Task instructions:
What you return must match the data below exactly, minus any pictures.

Given information:
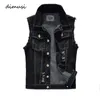 DiMusi Spring Autumn Vintage Design Mens denim Vest Male Black Sleeveless Jackets Men Hole Jeans Brand Waistcoat 6xlya566 240327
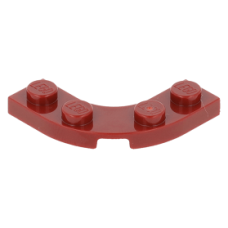LEGO lapos elem íves sarok 3x3 1/4, sötétpiros (68568)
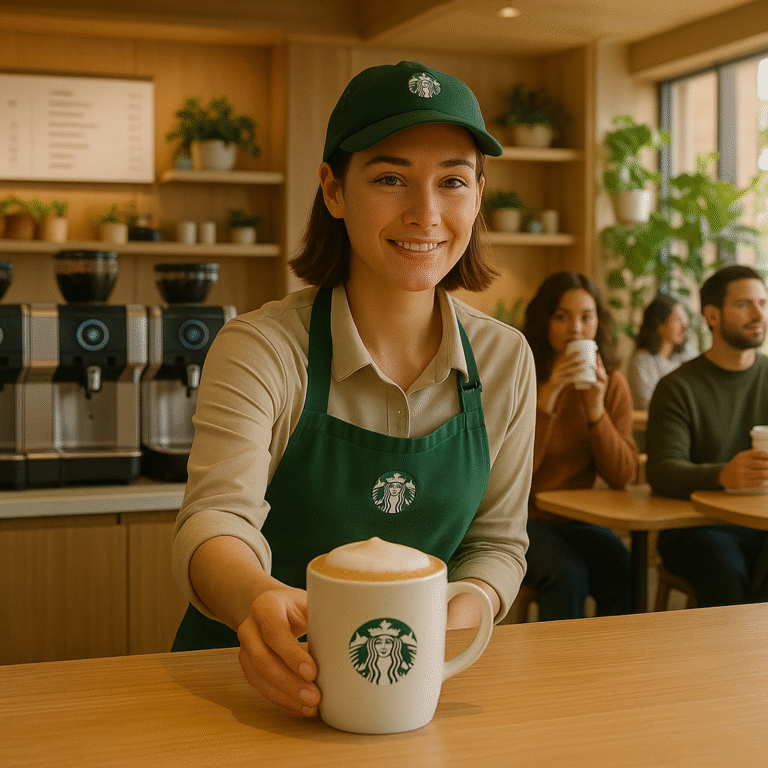 Starbucks barista serves an Oat Cloud Latte in a warm, modern café with natural light and customers enjoying coffee.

Solution to this problem:
 DiMusi Spring Autumn Vintage Design Mens denim Vest Male Black Sleeveless Jackets Men Hole Jeans Brand Waistcoat 6xlya566 240327
LEGO lapos elem íves sarok 3x3 1/4, sötétpiros (68568)
 Starbucks barista serves an Oat Cloud Latte in a warm, modern café with natural light and customers enjoying coffee.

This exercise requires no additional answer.